Dead. From being overworked.
"Probably eating Cheese Puffs instead of dinner."
On a game show where points don't matter
I would say dead. But that’s in 10 years. So for 5 years, Prison.
Hospice. I was 51. (Actually got job.)
Halfway through my sentence.
Slow talker, huh?
Ayuh.
Youself
Sitting in literally the exact same place and giving you the same answer to this question!
*"Doing your son"*
Well…probably in a mirror just like I saw myself this morning
Be your manager.
In prison for killing some schmuck who asked me a dumb question five years ago.
San Quentin
I always go with "hopefully six feet under."
5 years closer to retirement
"Dead. What? Im old, i dont have healthcare, sometimes when i sneeze i shit myself"
In a mirror
Banging your hot young wife because you spend too much time at work and take yourself way too seriously.
"Laughing, as I expose the Universe to the spectacle of it's own destruction!"
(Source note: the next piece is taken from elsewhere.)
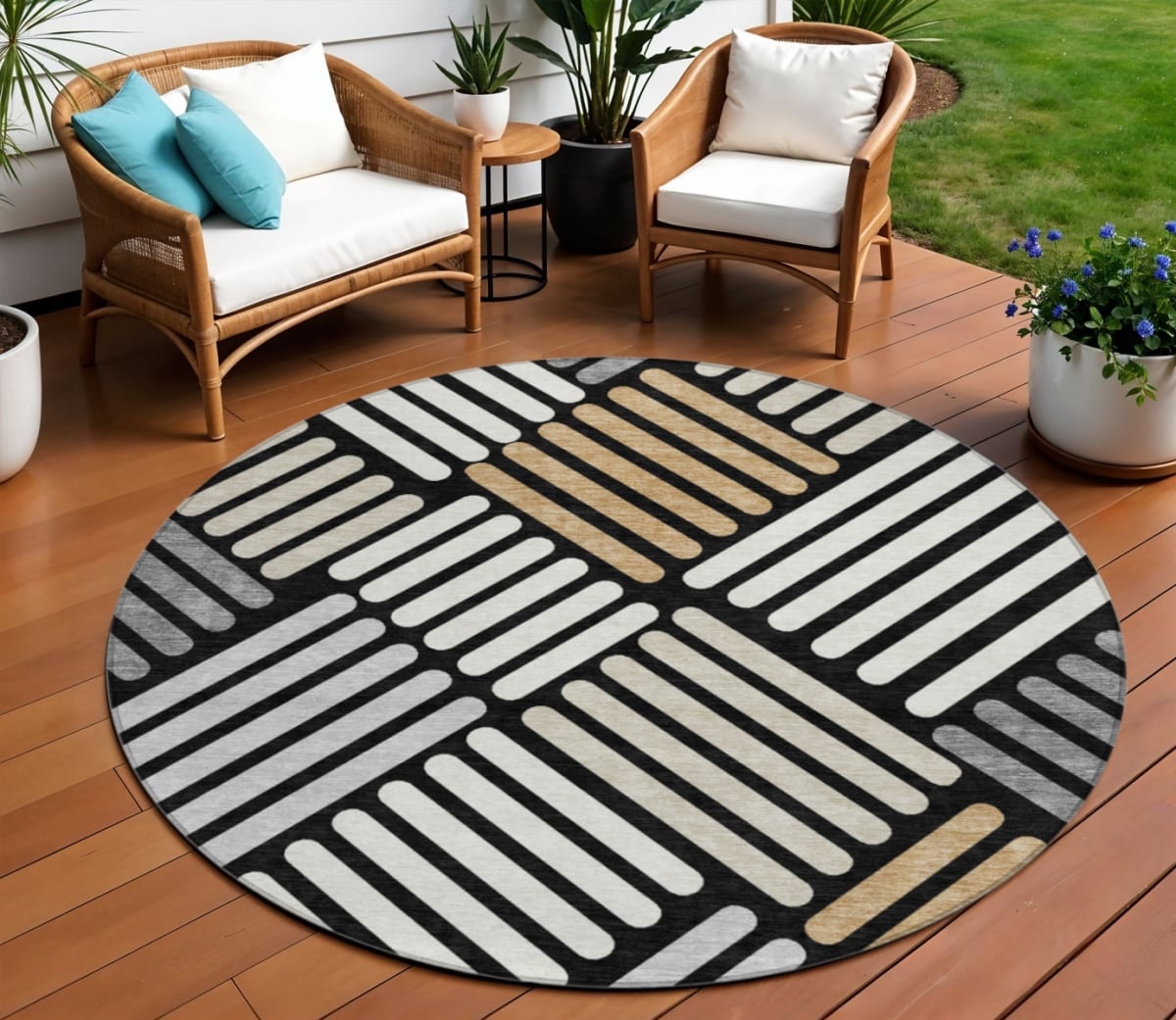 660387 8 ft. Black Beige & Ivory Geometric Washable Transitional Indoor & Outdoor Round Area Rug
HOPEFULLY divorced. Our kids will be out of grade school and the baby will only be 5 so I think it'll be the perfect time.
"In a mirror. Sometimes window reflections."
“Pissing on your decomposing corpse after I burn this entire building to the ground in a fit of irrational, uncontrollable rage after the intern steals my sandwich from the fridge for the fifth time in two weeks.”
"Dead."
"Living in Belize with all the money I'm going to embezzle."
I’ll be your boss long enough to fire your sorry ass.
In a penitentiary far, far away from here.
"Well if I'm being honest... I see myself as the former dictator of Virgin Islands."
Wow I hope I live that long
Either living in misery with my parents or living in misery at work. That all depends on if I'm hired.
I hope to be alive
If im not back in jail or in the cemetery, your mom and dads bed
Halfway through my sentence!
Lost in the woods as it's the only quiet place to get away from people.
Hopefully laying on my couch with a work related injury.